*** Begin section ***
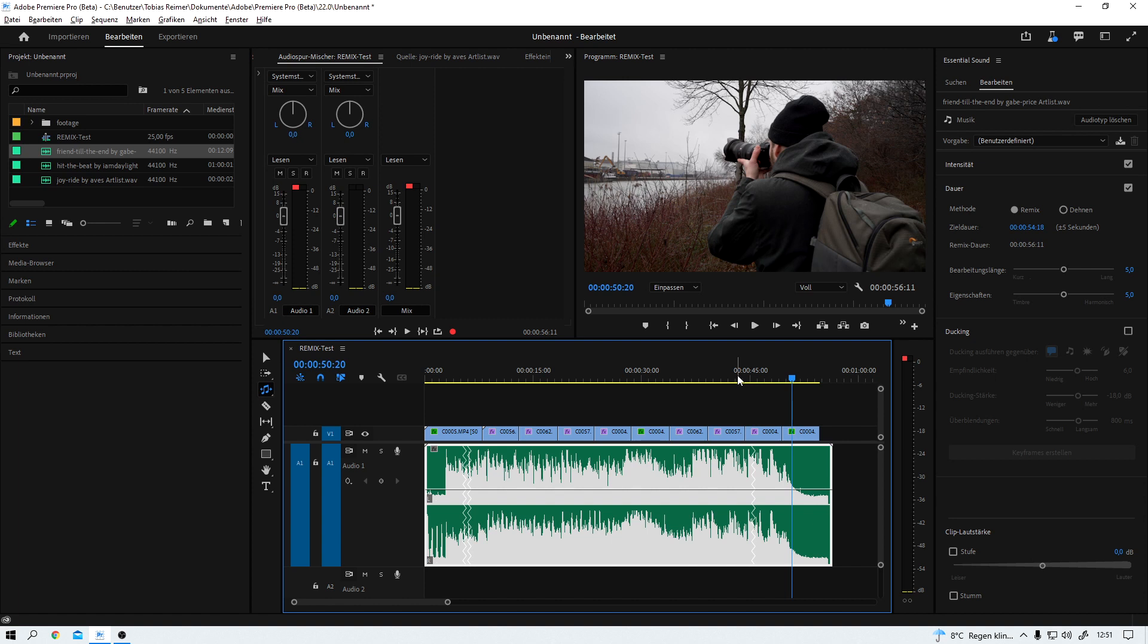And like I said, this is nothing that couldn't have been done manually. But if I can save some time, I sure will. And that is it for this week, my friends. Super cool new feature in Premiere. I know for a fact that I will use it on a lot of projects from now on.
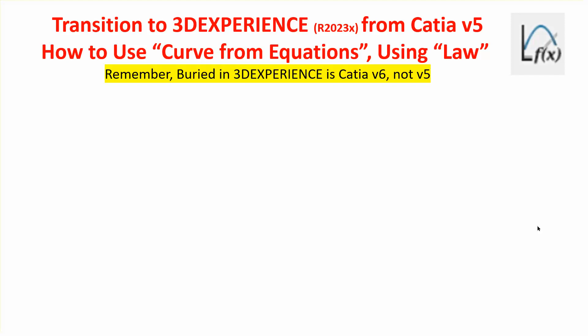Hello folks, in video tutorial 7 I talked about the similarities and the differences and the correspondence between the rule and the law in 3D experience and 3D V5. So in this tutorial I want to start using some of these things that we discussed in the earlier tutorial to do some specific problems.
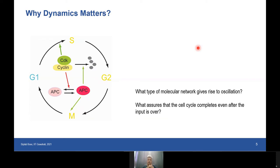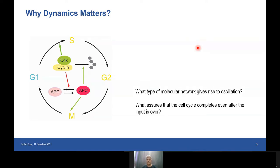Another interesting process in the cell cycle: if you give a signal using a growth factor to trigger cell division, and then as the process starts you withdraw that signal, people observe that the cell cycle completes anyway. It is as if you pressed a switch, and although you have withdrawn your hand, the switch is stuck. In dynamical systems theory we call this hysteresis. People have shown mathematically how this hysteresis arises — that even though the signal has decayed, for a long period the cell keeps on completing the cycle.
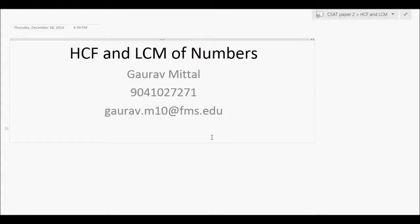Hello friends and welcome to the session on HCF and LCM of numbers. This is for our CSAT preparation for Paper 2. I am Gaurav — my details are given on this slide, you can give me your feedback on my email or you can even call me. Today we'll understand how to find LCM and HCF of a few numbers.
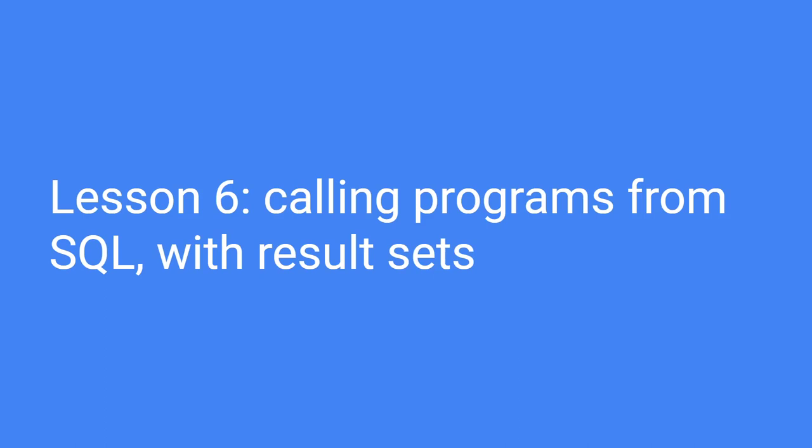Hey everybody, welcome back to the workshop. We're on Lesson 6 here, calling programs from SQL with result sets.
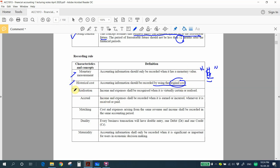Next is realization — income and expenses shall be recorded when it is virtually certain or realized. This means you record only when you can confirm something is company income or expense. When you cannot ascertain whether it is a company income or expense, you cannot record it in the account.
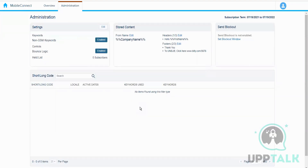Next we have Stored Content. In email communication we have from email address, from name, and header and footer, which we configure in the admin so we don't need to configure it again and again. Once configured in admin, we can just choose from there.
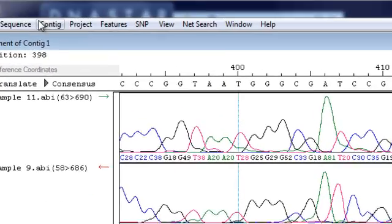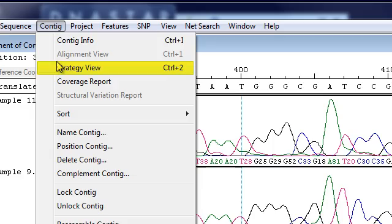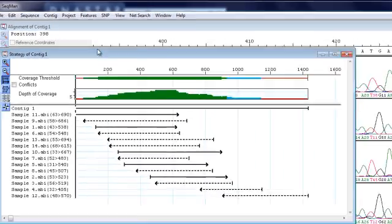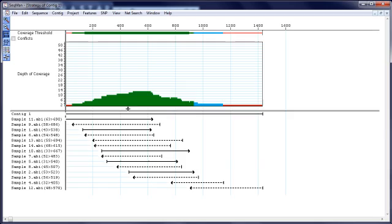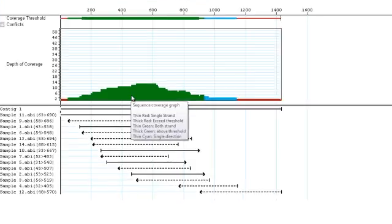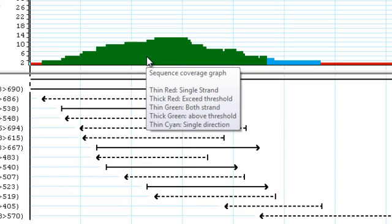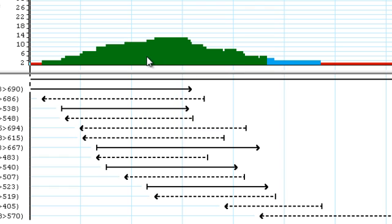Use the strategy view to see a graphical representation of coverage along the assembly. The histogram in this view is color coded based on depth of assembly and sequence directionality.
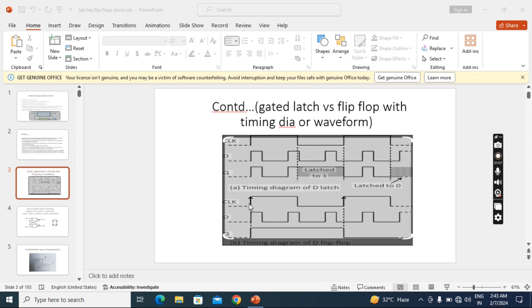Suppose this is for flip-flop, this below one. So here this is positive edge. In the positive edge the input value, data input value is high. And this is D flip-flop so output also will be high.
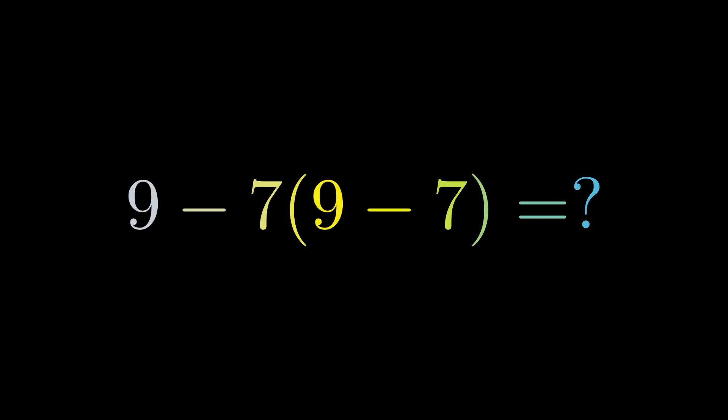Can you solve this in 5 seconds? 9 minus 7 times the quantity 9 minus 7. Pause if you want to try it yourself, because what you're about to see might shock you.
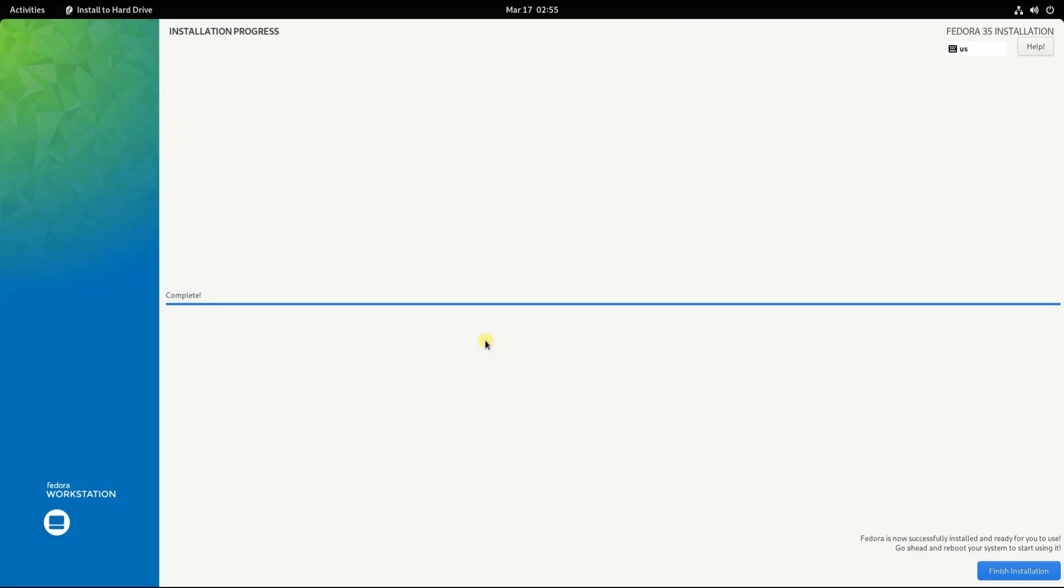It's done without any error. Click on finish installation to reboot and start your new operating system.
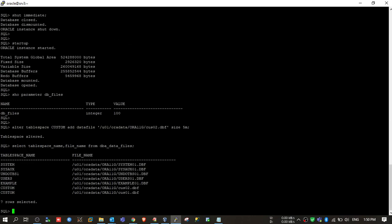Now I have seven data files. I hope your concept has been cleared for the db_files parameter. Thank you.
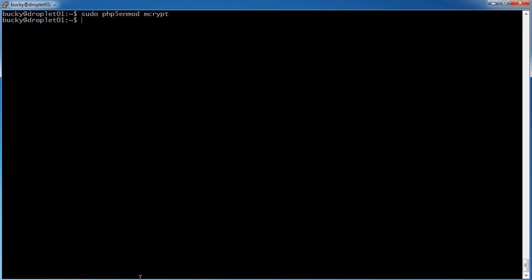And one other issue I have, I'm not sure why this happens, but the phpmyadmin configuration file is in the wrong place. So I have to copy it to a new location. So if you use sudo cp, it stands for copy, and then you give it etc.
*** End section ***
Could you transcribe exactly the entries above, but only the lines from the one with "Hello friends and" through the one with "Now I have seven", and without pictures?

Hello friends and welcome to the session on HCF and LCM of numbers. This is for our CSAT preparation for Paper 2. I am Gaurav — my details are given on this slide, you can give me your feedback on my email or you can even call me. Today we'll understand how to find LCM and HCF of a few numbers.
Hey everybody, welcome back to the workshop. We're on Lesson 6 here, calling programs from SQL with result sets.
Next is realization — income and expenses shall be recorded when it is virtually certain or realized. This means you record only when you can confirm something is company income or expense. When you cannot ascertain whether it is a company income or expense, you cannot record it in the account.
Next we have Stored Content. In email communication we have from email address, from name, and header and footer, which we configure in the admin so we don't need to configure it again and again. Once configured in admin, we can just choose from there.
Use the strategy view to see a graphical representation of coverage along the assembly. The histogram in this view is color coded based on depth of assembly and sequence directionality.
Suppose this is for flip-flop, this below one. So here this is positive edge. In the positive edge the input value, data input value is high. And this is D flip-flop so output also will be high.
Can you solve this in 5 seconds? 9 minus 7 times the quantity 9 minus 7. Pause if you want to try it yourself, because what you're about to see might shock you.
It's done without any error. Click on finish installation to reboot and start your new operating system.
Now I have seven data files. I hope your concept has been cleared for the db_files parameter. Thank you.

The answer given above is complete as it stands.